» **GOAL OF THE EXERCISE**
Retype, exactly and with nothing added, the lines from the one showing "Sculpture exhibited in" through the final line of the material. Omit pictures.

» **RAW DATA**
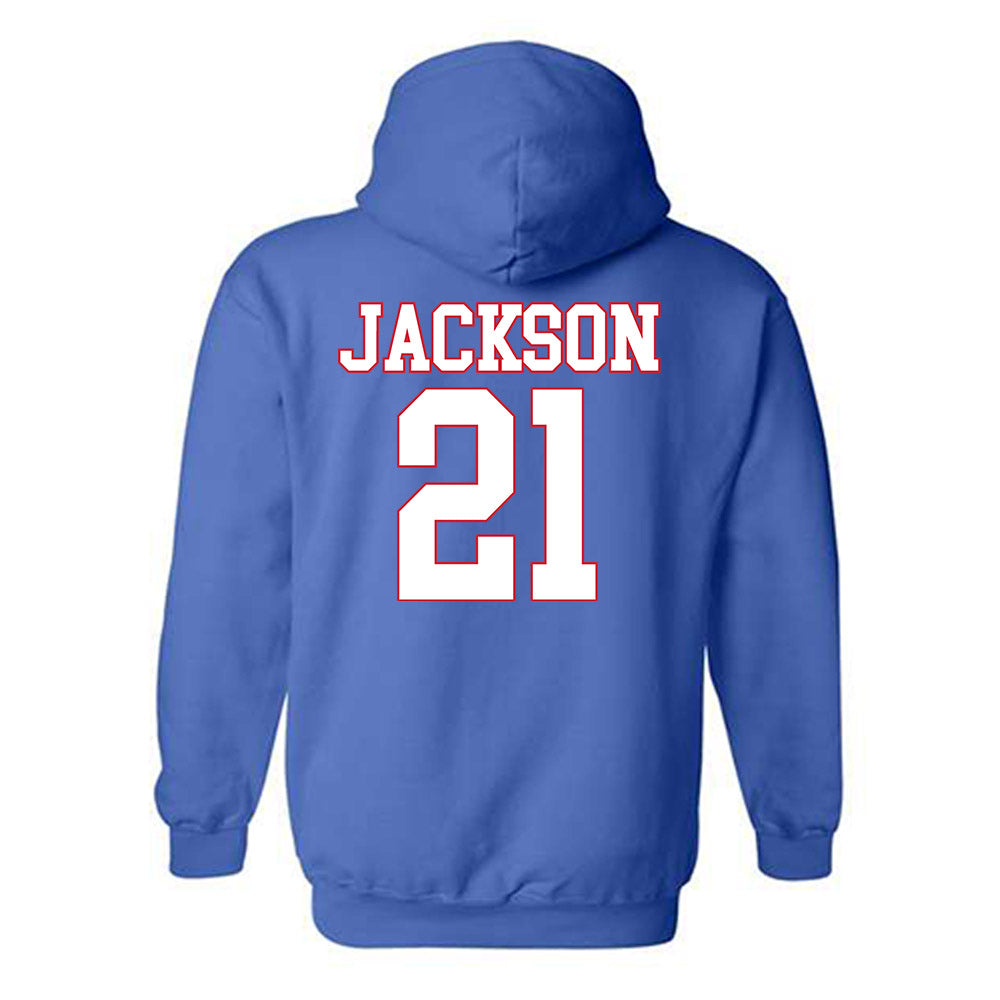 SMU - NCAA Women's Basketball : Kaylin Jackson - Hooded Sweatshirt-1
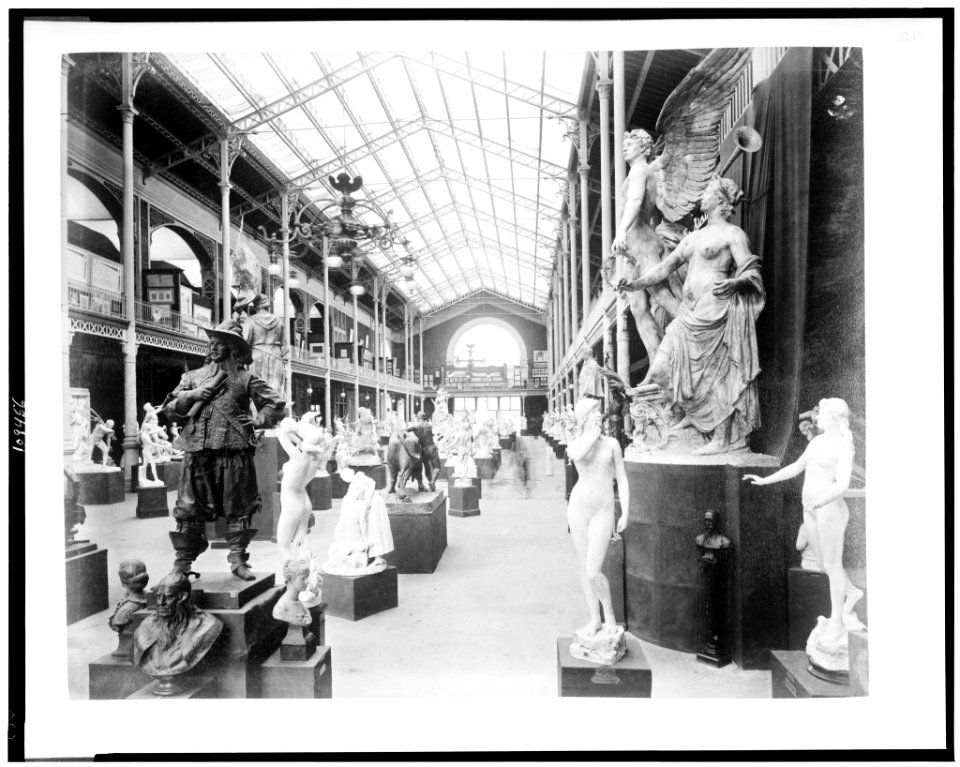 Sculpture exhibited in the Gallery Rapp, Palace of Fine Arts, Paris Exposition, 1889 LCCN93516711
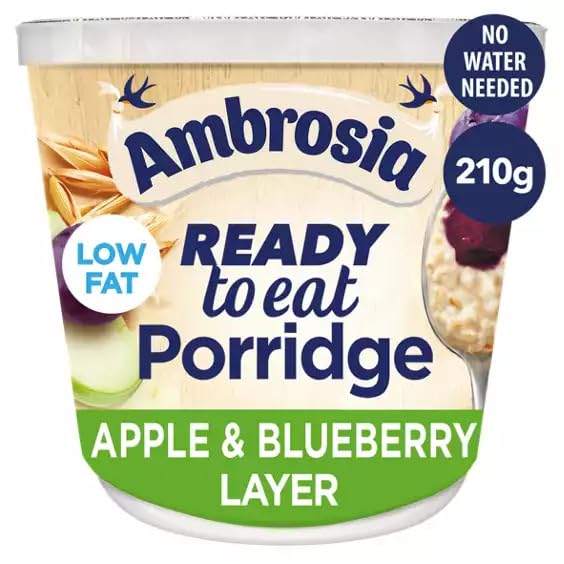 Ambrosia Apple & Blueberry Layered Porridge Pots - Pack of 6 | British Wholegrain Oats 3
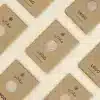 jabones artesanales dentro de cajas kraft marrones personalizadas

» **RESULT FOR THIS EXERCISE**
 Sculpture exhibited in the Gallery Rapp, Palace of Fine Arts, Paris Exposition, 1889 LCCN93516711
 Ambrosia Apple & Blueberry Layered Porridge Pots - Pack of 6 | British Wholegrain Oats 3
 jabones artesanales dentro de cajas kraft marrones personalizadas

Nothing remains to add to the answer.